I was a teenage Gramlich

By JIM NEWELL  |  April 4, 2012

The room went quiet and tense for a few seconds after our scripted performance, as we waited for the barrage of questions that we'd overprepared for. We'd guessed that Bernanke, the rising star on the board and rumored successor-in-waiting to Greenspan, would be the one to cut into us with exotic volleys about, say, indirect inflation targeting. But Gramlich turned out to be the governor who unsettled us with the most aggressive naysaying. He saw, among other things, capacity utilization figures lingering in the basement, and didn't see a silver bullet in the "resolution of geopolitical tensions."

Gramlich was a regulator by trade, and by heart. He'd spent much of the previous decade studying, in apparent isolation, the new crops of Wall Street–backed financial products being hawked with vigor in hastily constructed banks, thrifts, and temporary office trailers on what seemed like every urban neighborhood corner where once there stood, say, a small business with employees who sold real products. And he didn't see a silver bullet, either, where Greenspan and Bernanke did: sharply rising home values, flexibly designed and unusually accessible mortgage and mortgage-refinancing options, new home construction, and so on — in short, our economy's coordinated encircling of everything associated with residential real estate, made possible in part by stupidly low long-term interest rates.

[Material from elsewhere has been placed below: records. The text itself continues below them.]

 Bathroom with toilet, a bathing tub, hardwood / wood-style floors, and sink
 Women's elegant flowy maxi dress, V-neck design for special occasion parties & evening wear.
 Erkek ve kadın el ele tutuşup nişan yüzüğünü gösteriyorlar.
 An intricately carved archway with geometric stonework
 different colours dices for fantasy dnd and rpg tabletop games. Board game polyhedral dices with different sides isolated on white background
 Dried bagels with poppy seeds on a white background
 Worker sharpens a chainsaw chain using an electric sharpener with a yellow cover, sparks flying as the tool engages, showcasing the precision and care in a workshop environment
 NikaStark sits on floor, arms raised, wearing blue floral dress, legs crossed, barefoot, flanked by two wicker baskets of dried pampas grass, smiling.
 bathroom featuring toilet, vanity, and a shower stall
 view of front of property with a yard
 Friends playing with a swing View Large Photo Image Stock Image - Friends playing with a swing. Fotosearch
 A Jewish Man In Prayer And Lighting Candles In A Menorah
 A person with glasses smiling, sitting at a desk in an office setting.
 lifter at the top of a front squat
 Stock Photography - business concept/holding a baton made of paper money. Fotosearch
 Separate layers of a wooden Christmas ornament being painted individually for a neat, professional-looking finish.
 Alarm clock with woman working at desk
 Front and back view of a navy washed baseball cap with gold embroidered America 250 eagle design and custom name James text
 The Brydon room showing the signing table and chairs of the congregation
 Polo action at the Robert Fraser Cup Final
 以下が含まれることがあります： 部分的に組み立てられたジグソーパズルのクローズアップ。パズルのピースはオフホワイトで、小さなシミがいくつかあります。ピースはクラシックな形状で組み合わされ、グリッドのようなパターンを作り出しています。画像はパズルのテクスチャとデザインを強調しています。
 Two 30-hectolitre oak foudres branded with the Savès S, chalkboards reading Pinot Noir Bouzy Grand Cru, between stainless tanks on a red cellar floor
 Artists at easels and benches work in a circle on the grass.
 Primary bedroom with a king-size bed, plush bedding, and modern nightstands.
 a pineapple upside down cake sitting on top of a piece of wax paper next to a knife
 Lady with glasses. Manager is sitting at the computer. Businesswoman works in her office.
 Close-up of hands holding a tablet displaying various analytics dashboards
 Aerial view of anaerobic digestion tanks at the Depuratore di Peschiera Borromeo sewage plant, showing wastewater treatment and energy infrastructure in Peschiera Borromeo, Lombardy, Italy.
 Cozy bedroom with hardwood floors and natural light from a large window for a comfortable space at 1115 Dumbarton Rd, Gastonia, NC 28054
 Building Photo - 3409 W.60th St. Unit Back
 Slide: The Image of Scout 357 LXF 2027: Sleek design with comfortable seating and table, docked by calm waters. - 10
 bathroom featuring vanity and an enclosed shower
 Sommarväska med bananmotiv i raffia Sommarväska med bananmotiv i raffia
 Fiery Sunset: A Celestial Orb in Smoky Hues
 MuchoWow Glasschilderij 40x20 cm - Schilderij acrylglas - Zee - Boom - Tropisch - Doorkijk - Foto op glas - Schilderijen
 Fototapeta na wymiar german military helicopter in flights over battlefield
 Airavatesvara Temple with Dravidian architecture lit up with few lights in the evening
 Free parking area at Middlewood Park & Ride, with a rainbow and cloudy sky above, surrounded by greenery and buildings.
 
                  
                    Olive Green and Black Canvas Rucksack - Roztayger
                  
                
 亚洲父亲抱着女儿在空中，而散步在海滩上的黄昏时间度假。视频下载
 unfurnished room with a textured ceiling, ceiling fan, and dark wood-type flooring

Is extracting equity from one's house an increase in wealth? Gramlich asked the panel. Does any of this make individual persons, or the country, wealthier?

Good questions, all. But how were we really supposed to know? We just wanted to mimic what they would have said, and then to win, and then to return to drinking in our basements.

As with any interschool competition, teamwork was essential in advancing. So here's a rundown of the Severn players:

Peter anchored the lineup with his portrayal of Alan Greenspan, whose reputation was still nearly flawless in those days. One of the first things our team did collaboratively was read Bob Woodward's Maestro, then regarded as the definitive account of Greenspan's high-riding Fed tenure. Each chapter was about an episode in recent economic history — the 1987 stock-market crash, the "Asian Tigers" stallout, Russia's debt default, the Long-Term Capital Management collapse, etc. — that Greenspan had perfectly managed by using his . . . magic? The argument of Woodward's book seemed to boil down to Alan Greenspan saving everything via his conjuring powers. And Peter's dry, deliberate, and obfuscating delivery made him an obvious choice for a character with such "gravitas," as we'd put it. "International trade is not a zero-sum game," Peter would say in rehearsals, to our giggles.

Tim played Ben Bernanke, the rising-star Princeton economist and Fed governor whom many were pegging — correctly, as it turned out — as Greenspan's eventual successor. Bernanke had been making waves at the time as the most intellectually creative member of the board — meaning, he basically believed everything Greenspan said, but would occasionally pay lip service to new ideas like establishing semi-official inflation targets. Tim was the smartest member of our team and had put in deliberately for the part of Bernanke. He even got into the habit of quoting Bernanke's own lines from speeches during the question-and-answer segment — a tic that the judges would later take uneasy note of in toting up our scores.